My weekend was mildly affected, but the new disk went in swiftly and the operating system load went without incident, so I was still able to get to two concerts, one of them an absolutely brilliant handling of Elgar’s ‘Enigma Variations,’ and to see the new Tommy Lee Jones movie ‘Emperor.’ Hardware failures in the midst of an urban environment, and with adequate backups on hand, are thus easily handled. But then I started thinking about robotics and deep space. Ponder the hardware failures that are inevitable on missions lasting decades or even centuries. An unexpected failure in a key circuit could wreck a lot more than a weekend on such a probe.

From Wardens to Self-Healing

Remember the ‘wardens’ that were built into the Project Daedalus plan? They were designed to take care of the vessel on its 50-year run to Barnard’s Star, an acknowledgment of what happens to complex systems over time. These days we’re focusing in on self-healing electronics that can repair themselves in microseconds, integrated chips that spring back from potential disaster, rebuilding themselves faster than any human intervention could manage. Members of the High-Speed Integrated Circuits laboratory at Caltech have been experimenting with self-healing integrated chips that can recover all but instantaneously from serious levels of damage.


Image: Some of the damage Caltech engineers intentionally inflicted on their self-healing power amplifier using a high-power laser. The chip was able to recover from complete transistor destruction. This image was captured with a scanning electron microscope. Credit: Caltech.

The chips in question are high-frequency power amplifiers useful for communications, imaging, sensing and other applications. Each of these chips holds more than 100,000 transistors along with a custom-made application-specific integrated-circuit (ASIC) that monitors the amplifier’s performance and adjusts the system’s actuators when changes are called for. The idea is to let the system itself determine the need to use the actuators without humans overseeing the process. Researchers therefore target the chips with a high-power laser over and over again, observing the chips as they come up with split-second workarounds to the damage.

“It was incredible the first time the system kicked in and healed itself. It felt like we were witnessing the next step in the evolution of integrated circuits,” says Ali Hajimiri (Caltech). “We had literally just blasted half the amplifier and vaporized many of its components, such as transistors, and it was able to recover to nearly its ideal performance.”

This Caltech news release compares the healing properties of these integrated-circuit chips to the human immune system, which can likewise respond quickly to a wide range of attacks. Interestingly, the team discovered that the amplifiers with self-healing capacity consumed about half the amount of power as standard amplifiers, while their overall performance was more predictable. By demonstrating self-healing in a highly complex system like this one, the Caltech researchers have shown that it can be extended to many other electronic systems.

All this is good news for our starship. We naturally think about catastrophic problems that damage parts of the circuits, but when we’re thinking long-term, the issues are likely to be more subtle. Problems can emerge as continual load stresses the system and causes changes to its internal properties, while variations in temperature and supply voltage can also degrade operations. For that matter, variation across components can play a role, making an electronic system with a built-in immune function an insurance policy for deep space robotic missions.

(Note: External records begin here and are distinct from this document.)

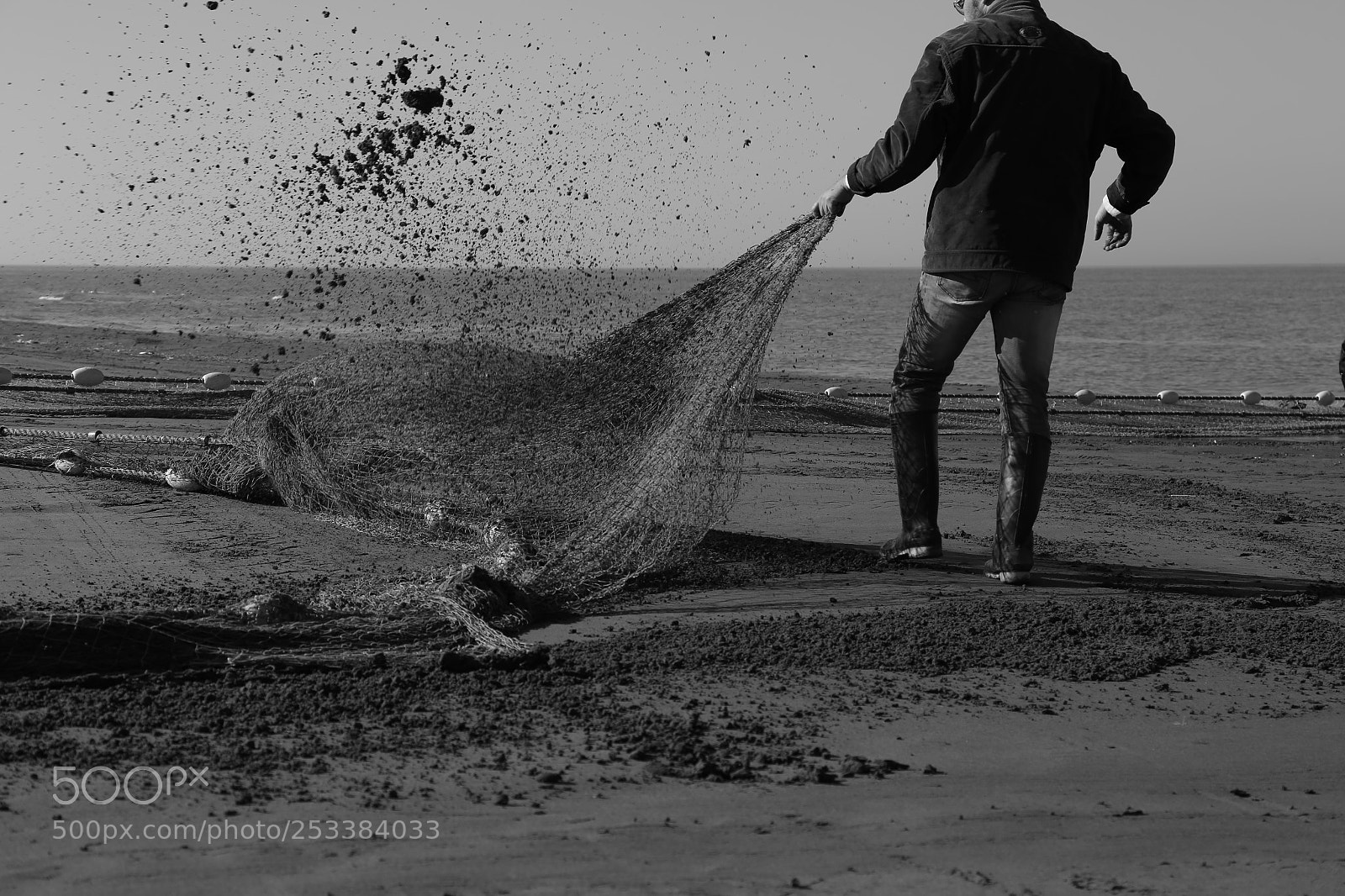 Canon EOS 6D + Canon EF 24-105mm F4L IS USM sample photo. Fishing net photography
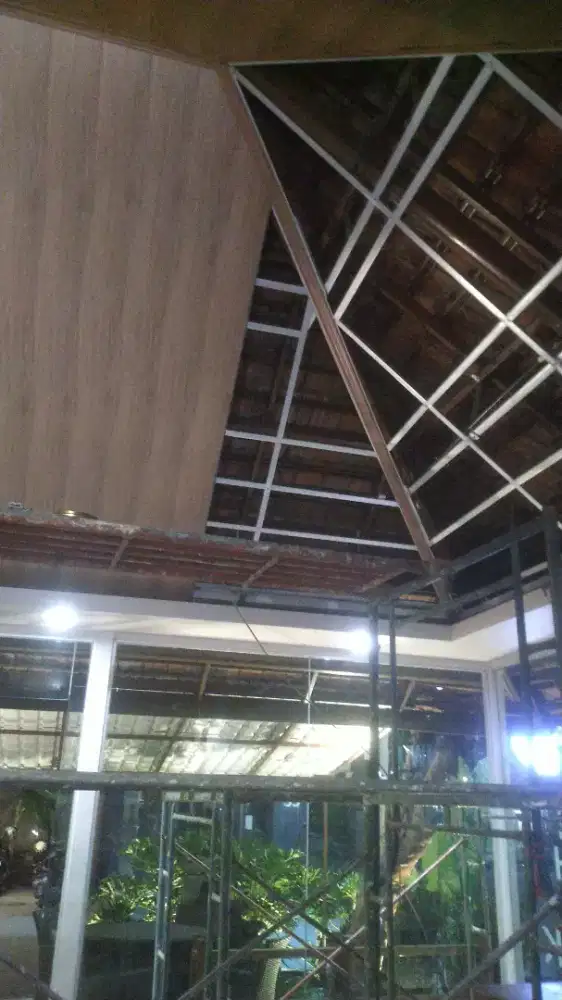 Jasa pemasangan Plafon PVC Surabaya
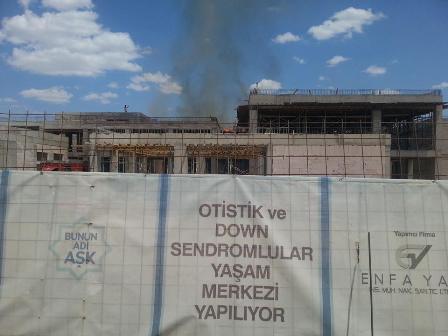 Otizm Merkezi'nde yangın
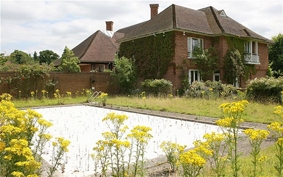 Bê bối quanh thương vụ bán nhà của Công tước xứ York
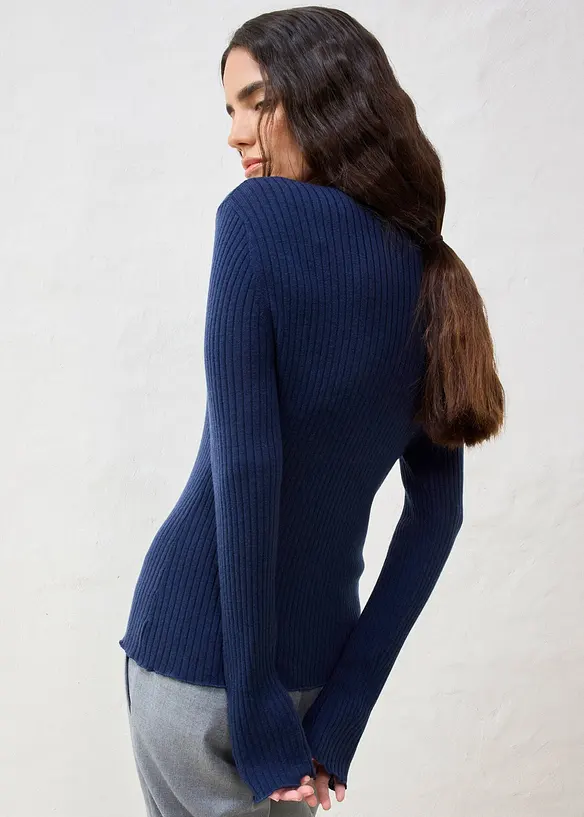 Pullover aus feiner Merinowolle in blau von hinten (im Anschnitt) - bonprix Pullover aus feiner Merinowolle in blau von hinten (im Anschnitt) - bonprix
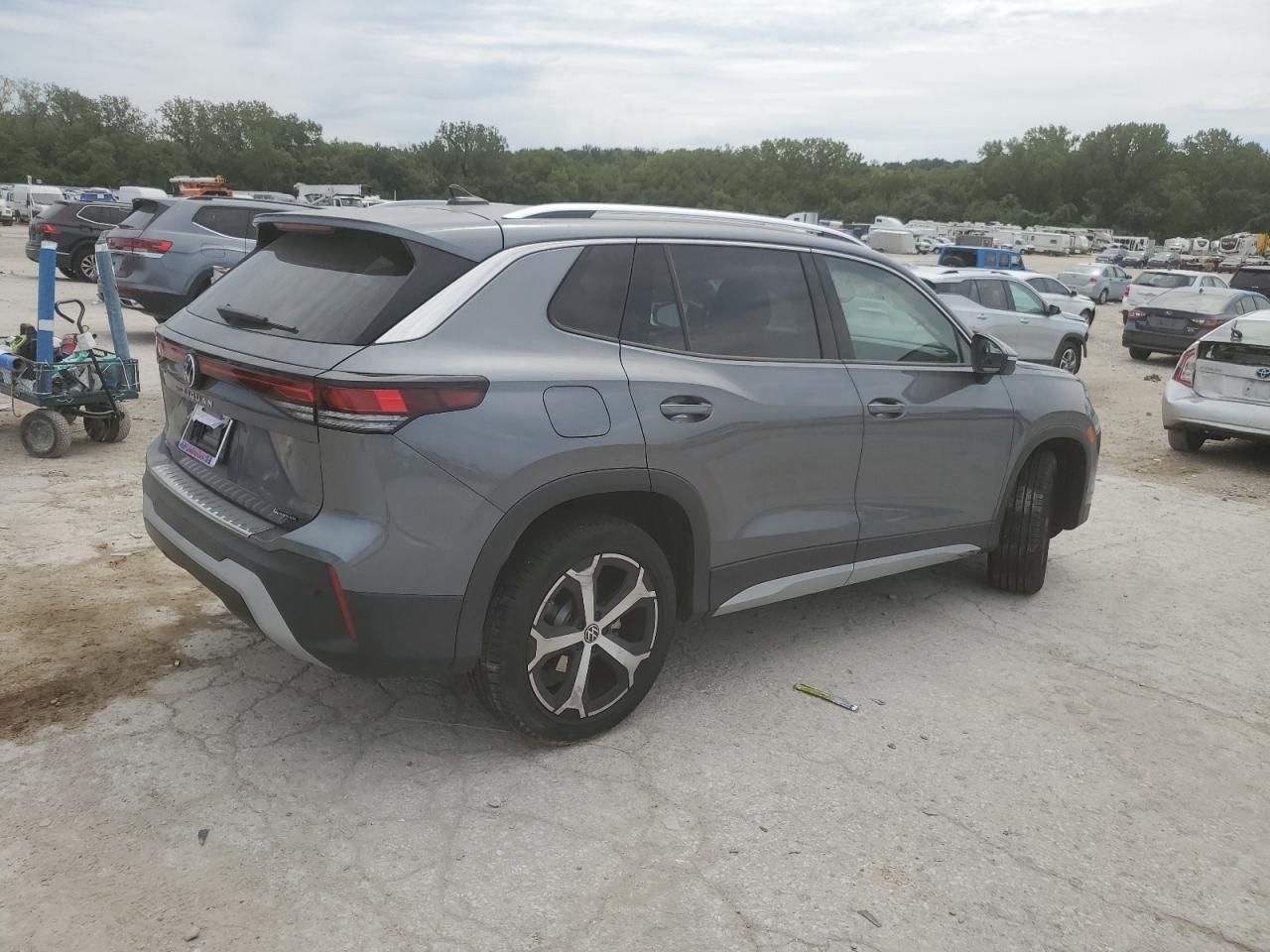 2025 Volkswagen Tiguan se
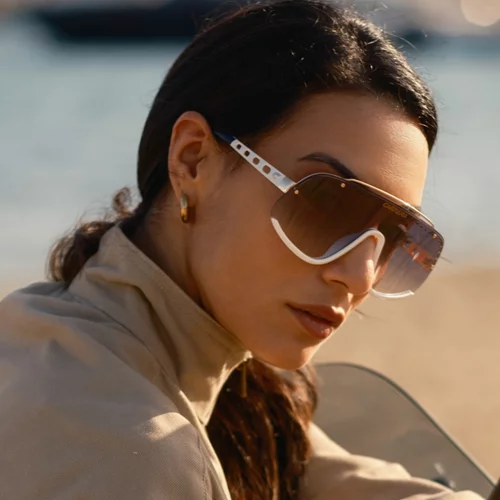 Carrera | Η νέα καμπάνια #DriveYourStory μας προσκαλεί να οδηγήσουμε τις δικές μας αυθεντικές ιστορίες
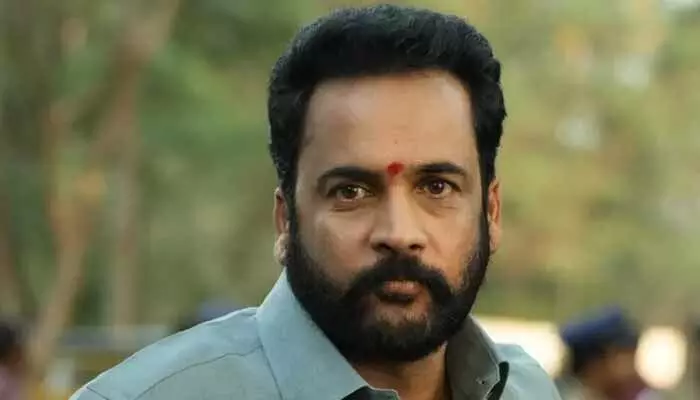 హీరోయిన్ల డ్రెస్సింగ్ వివాదంపై స్పందించిన శివాజీ.. నా వాళ్లే నన్ను ముంచారంటూ ఎమోషనల్ కామెంట్స్ హీరోయిన్ల డ్రెస్సింగ్ వివాదంపై స్పందించిన శివాజీ.. నా వాళ్లే నన్ను ముంచారంటూ ఎమోషనల్ కామెంట్స్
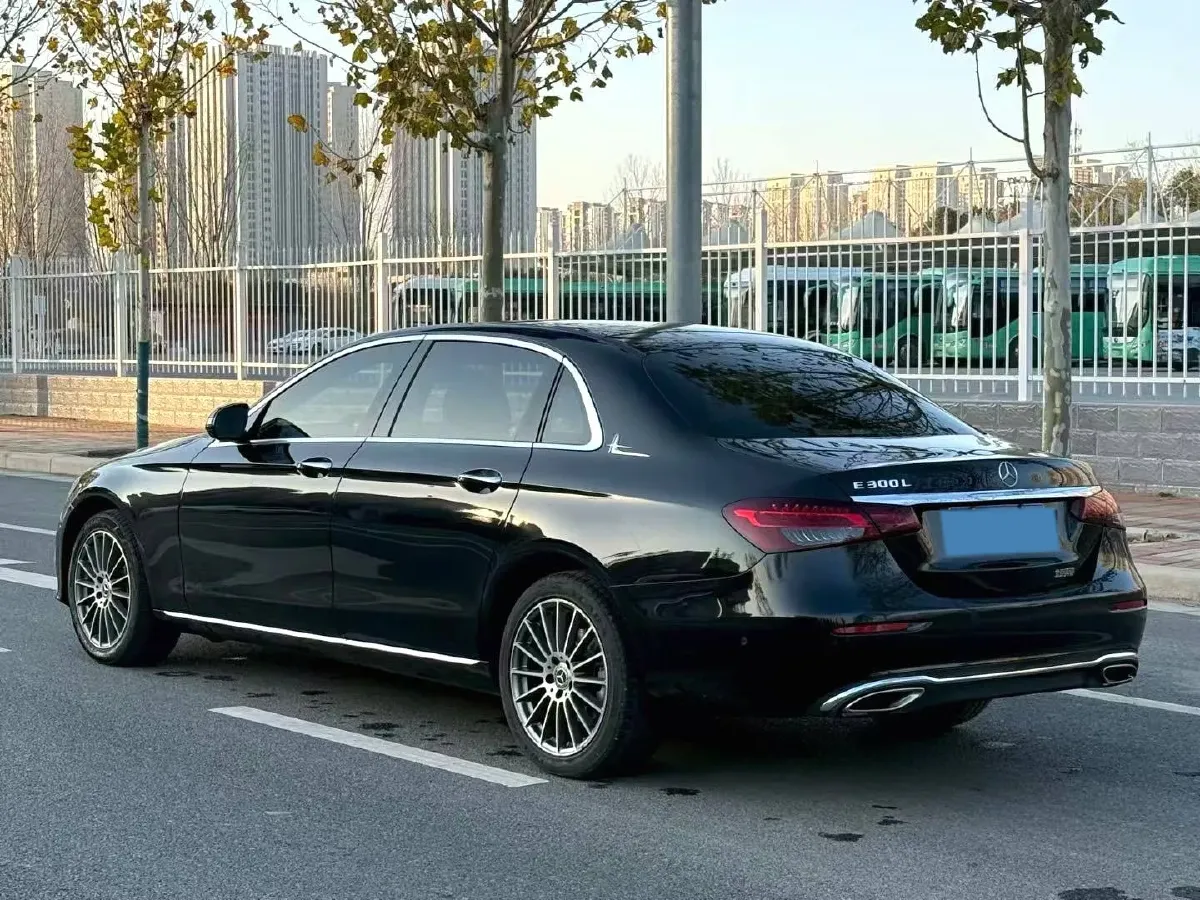 2021 Mercedes-Benz E Class 1.5T 184HP L4 9AT,autocango,china used car exporter,china ev exporter,chinese used car exporter,chinese used ev exporter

Meanwhile, my own computer operations continue with extensive human intervention, though I’m pleased to see that the new hard disk I installed checks out perfectly. We are all learning through experience how our lives are supplemented and changed by digital technologies. But robotic probes operating at the edge of the Solar System and beyond have no repair team on staff to open up a housing and plug in a new chip, We’re now learning that beyond redundancy and backups a new set of tools are emerging that will keep long-haul missions healthy.

The paper is Bowers et al., “Integrated Self-Healing for mm-Wave Power Amplifiers,” IEEE Transactions on Microwave Theory and Techniques Vol. 61, Issue 3 (2013), pp. 1301-1315 (abstract). Thanks to Eric Davis for the pointer to this work.